» **Assignment**:
When you reach the line that contains "Modern Elastic Waist", set down that line and every one after it through the end of the records, exactly as written and with no pictures.

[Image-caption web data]

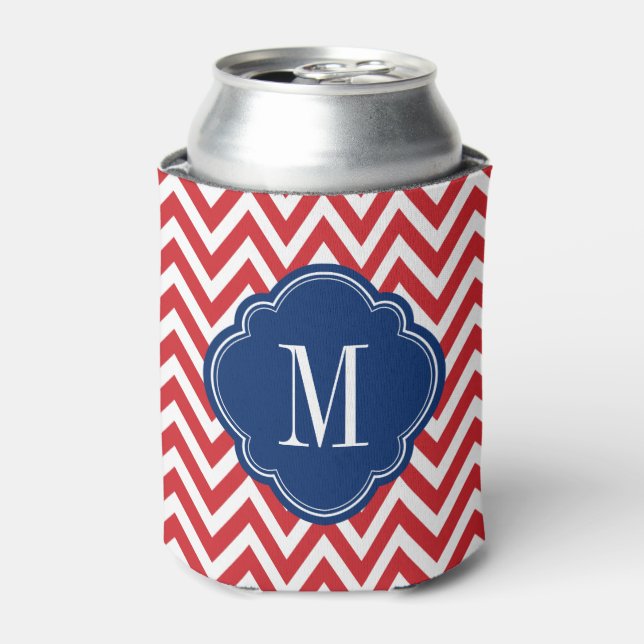 Red White and Blue Chevron Monogram Can Cooler (Can Front)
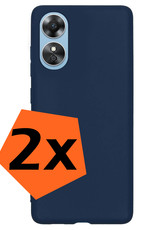 Nomfy Hoesje Geschikt voor OPPO A17 Hoesje Siliconen Cover Case - Hoes Geschikt voor OPPO A17 Hoes Back Case - 2-PACK - Donkerblauw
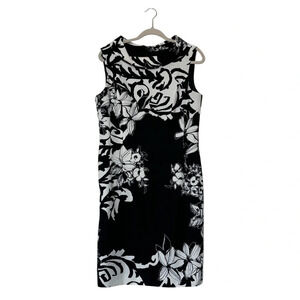 Rickie Freeman for Teri Jon Black White Cowl Neck Floral Above the Knee Dress 12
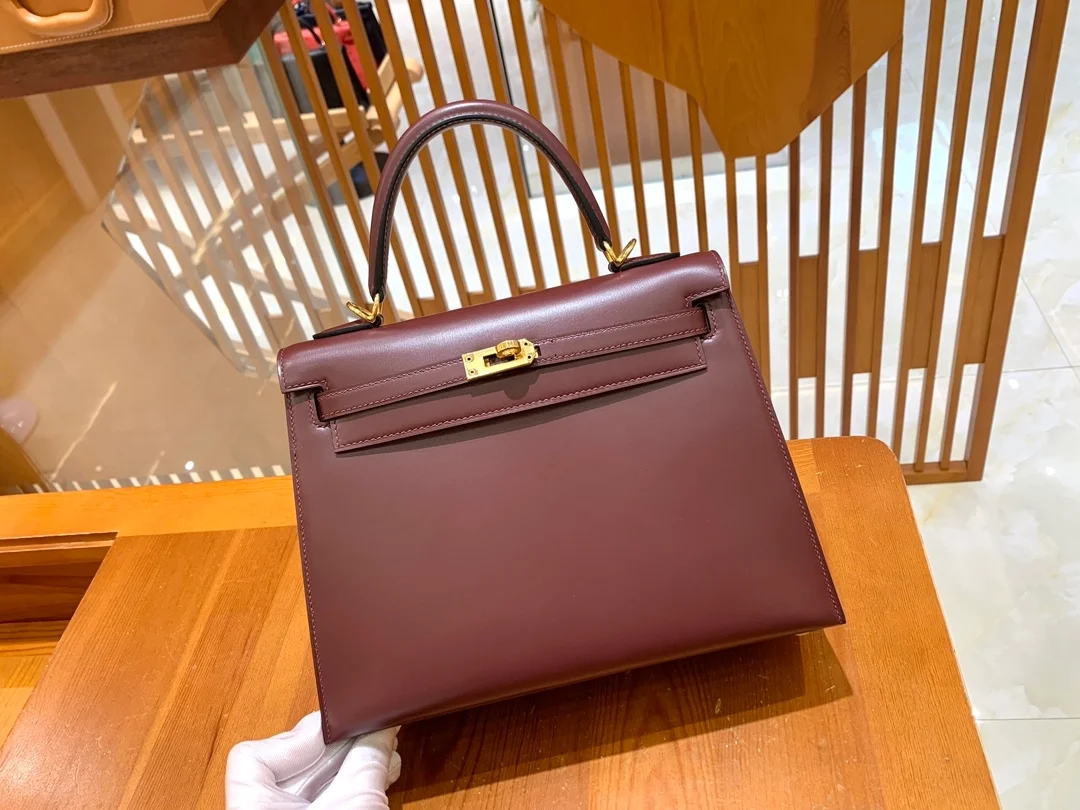 에르메스 켈리 25 셀리에 박스 와인 레드 골드 하드웨어 (100% HAND MADE)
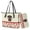 Beige-Dachshund Paw Cupid's Arrow, variant on Kuiaobaty French Bulldog Print Tote Bag for Women, Paw Print Leather Satchel Handbag 2pcs with Zipper Closure, Large Capacity Handbag and Wallet Purse for Travel, Brown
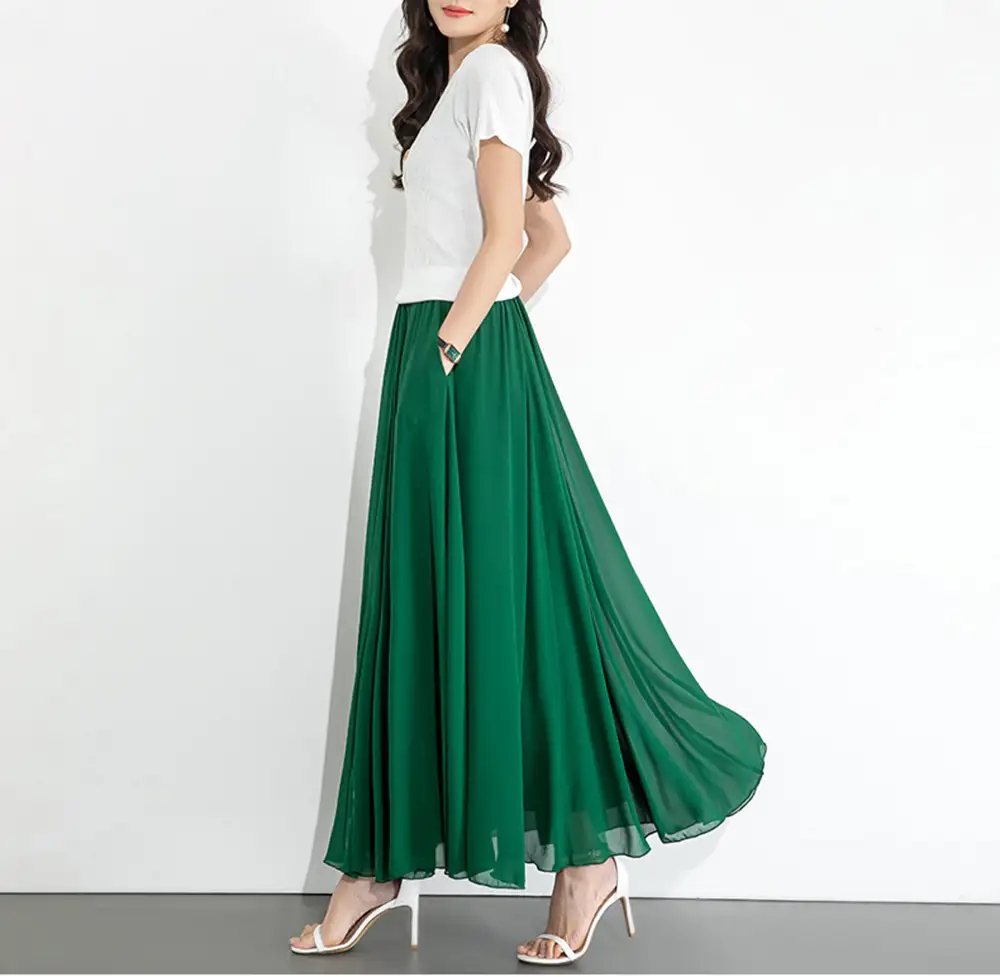 Modern Elastic Waist Chiffon A Line Maxi Skirt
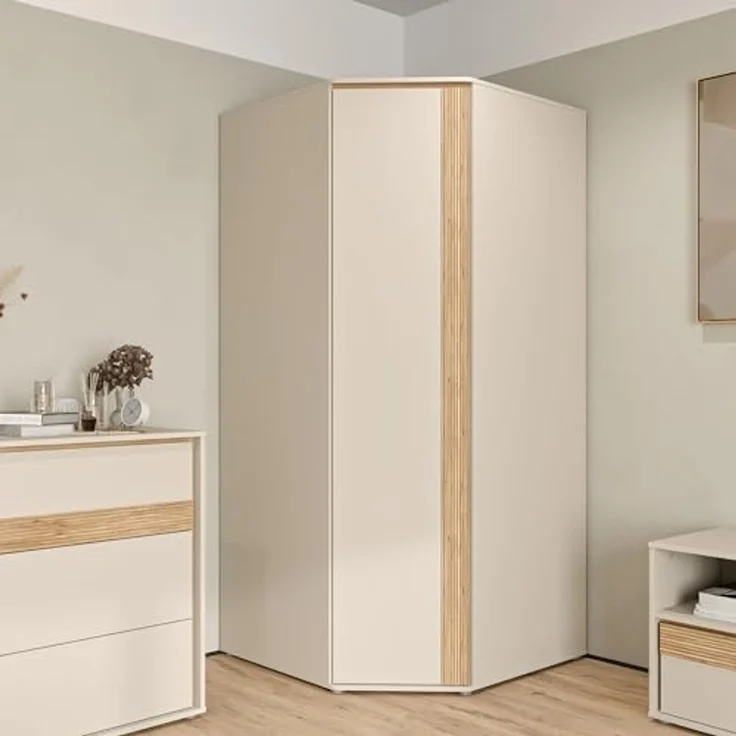 Forte WEXLIN Eckkleiderschrank 90 95, moderner Kleiderschrank mit Schranktür, Kinder- und Jugendzimmer, Kaschmir|Beige|Mauvella Eiche Holzdekor, 92,2 cm breit x 193,7 cm hoch x 92,2 cm tief – Bild 1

» **Reply to the exercise**:
 Modern Elastic Waist Chiffon A Line Maxi Skirt
 Forte WEXLIN Eckkleiderschrank 90 95, moderner Kleiderschrank mit Schranktür, Kinder- und Jugendzimmer, Kaschmir|Beige|Mauvella Eiche Holzdekor, 92,2 cm breit x 193,7 cm hoch x 92,2 cm tief – Bild 1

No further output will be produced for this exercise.